Hello,
if get_user_pages is used on a hugetlb vma, and there was no previous write
to the pages,
follow_hugetlb_page will call
ret = hugetlb_fault(mm, vma, vaddr, 0),
although the page should be used for write access in get_user_pages.
We currently see this when testing Infiniband on ppc64 with ehca +
hugetlbfs.
>From reading the code this should also be an issue on other architectures.
Roland, Adam, are you aware of anything in this area with mellanox
Infiniband cards or other usages with I/O adapters?
Gruss / Regards
Christoph R. + Nam Ng.
Please try this patch and see if it helps.
commit 6decbd17d6fb70d50f6db2c348bb41d7246a67d1
Author: Adam Litke <[email protected]>
Date: Tue Nov 6 06:59:12 2007 -0800
hugetlb: follow_hugetlb_page for write access
When calling get_user_pages(), a write flag is passed in by the caller to
indicate if write access is required on the faulted-in pages. Currently,
follow_hugetlb_page() ignores this flag and always faults pages for
read-only access.
This patch passes the write flag down to follow_hugetlb_page() and makes
sure hugetlb_fault() is called with the right write_access parameter.
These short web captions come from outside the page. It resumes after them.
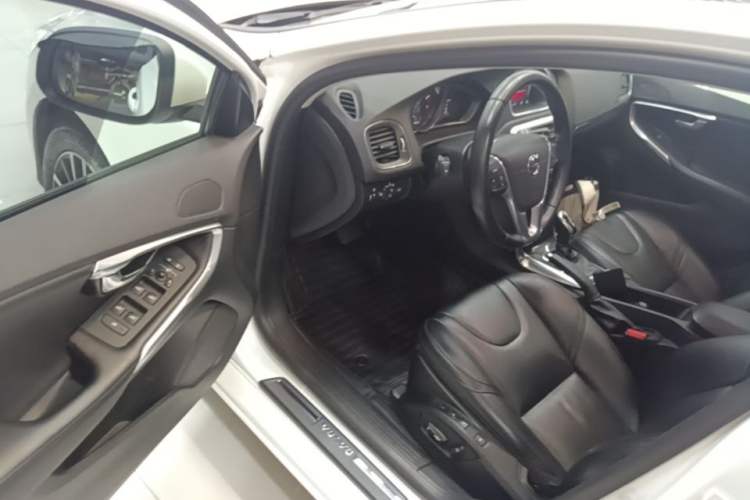 Used Volvo V40 2017 T3 Zhiyi Edition Driver Seat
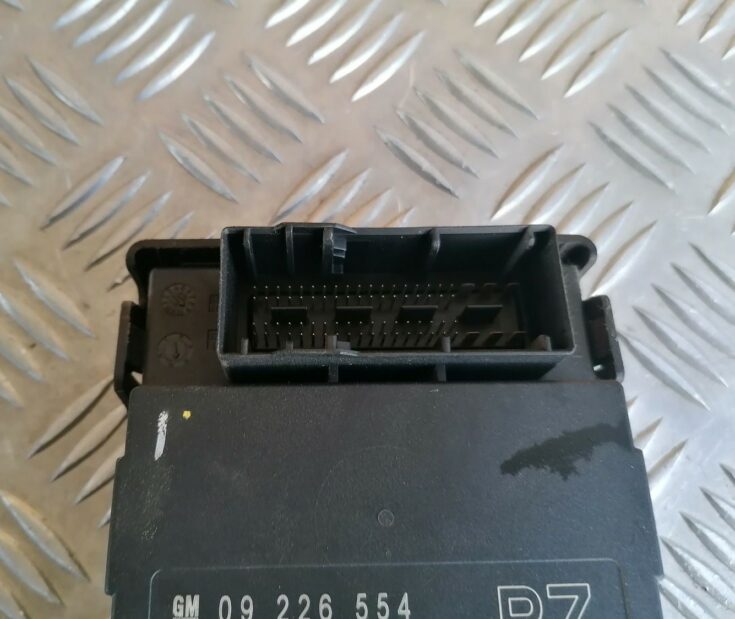 Drošinātāju bloks priekš OPEL VECTRA C 2002
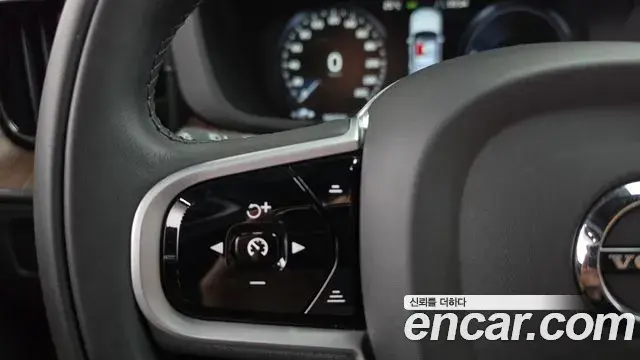 Volvo XC60 2021 — Şəkil 15/36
Test patch only. Not Signed-off.
diff --git a/include/linux/hugetlb.h b/include/linux/hugetlb.h
index 3a19b03..31fa0a0 100644
--- a/include/linux/hugetlb.h
+++ b/include/linux/hugetlb.h
@@ -19,7 +19,7 @@ static inline int is_vm_hugetlb_page(struct vm_area_struct *vma)
int hugetlb_sysctl_handler(struct ctl_table *, int, struct file *, void __user *, size_t *, loff_t *);
int hugetlb_treat_movable_handler(struct ctl_table *, int, struct file *, void __user *, size_t *, loff_t *);
int copy_hugetlb_page_range(struct mm_struct *, struct mm_struct *, struct vm_area_struct *);
-int follow_hugetlb_page(struct mm_struct *, struct vm_area_struct *, struct page **, struct vm_area_struct **, unsigned long *, int *, int);
+int follow_hugetlb_page(struct mm_struct *, struct vm_area_struct *, struct page **, struct vm_area_struct **, unsigned long *, int *, int, int);
void unmap_hugepage_range(struct vm_area_struct *, unsigned long, unsigned long);
void __unmap_hugepage_range(struct vm_area_struct *, unsigned long, unsigned long);
int hugetlb_prefault(struct address_space *, struct vm_area_struct *);
diff --git a/mm/hugetlb.c b/mm/hugetlb.c
index eab8c42..b645985 100644
--- a/mm/hugetlb.c
+++ b/mm/hugetlb.c
@@ -621,7 +621,8 @@ int hugetlb_fault(struct mm_struct *mm, struct vm_area_struct *vma,
int follow_hugetlb_page(struct mm_struct *mm, struct vm_area_struct *vma,
struct page **pages, struct vm_area_struct **vmas,
- unsigned long *position, int *length, int i)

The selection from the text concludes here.